DATA EXCERPT below:

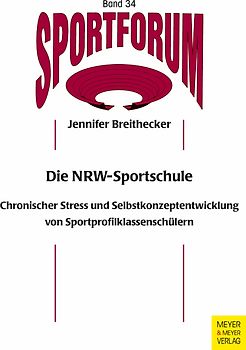 Die NRW-Sportschule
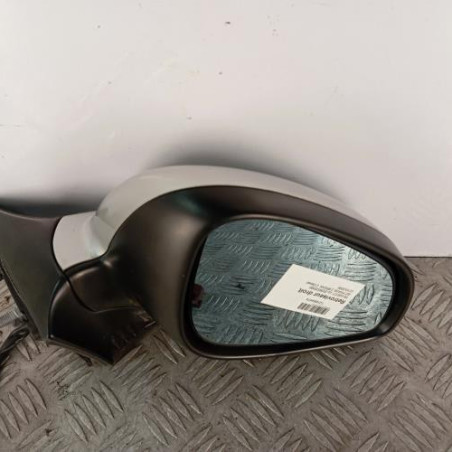 Retroviseur droit PEUGEOT 407 Photo n°1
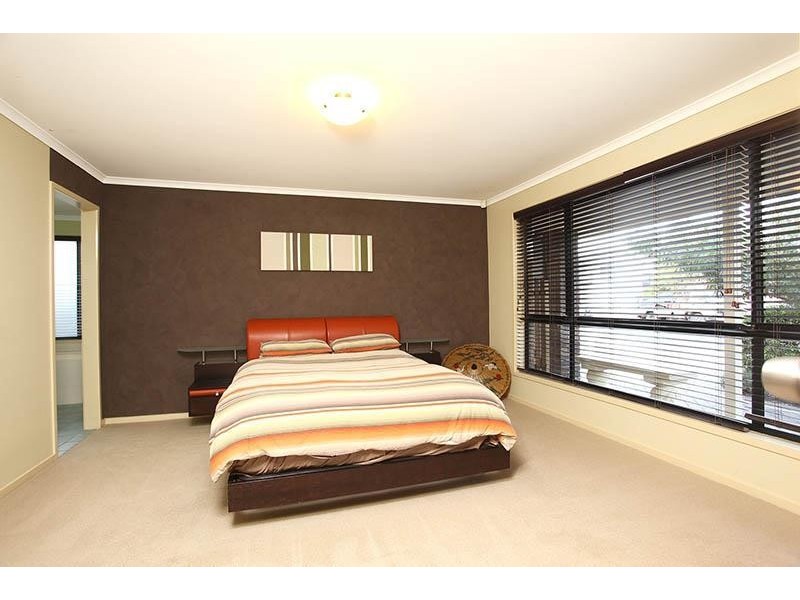 28 Warrigal Road, Aldinga Beach SA 5173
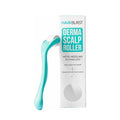 Hairburst Derma Scalp Roller for Thinning Hair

End of DATA EXCERPT.

_TASK DESCRIPTION_
The whole listing above, line by line, needs to be copied exactly, except for any images.

_EXERCISE RESULT_
 Die NRW-Sportschule
 Retroviseur droit PEUGEOT 407 Photo n°1
 28 Warrigal Road, Aldinga Beach SA 5173
 Hairburst Derma Scalp Roller for Thinning Hair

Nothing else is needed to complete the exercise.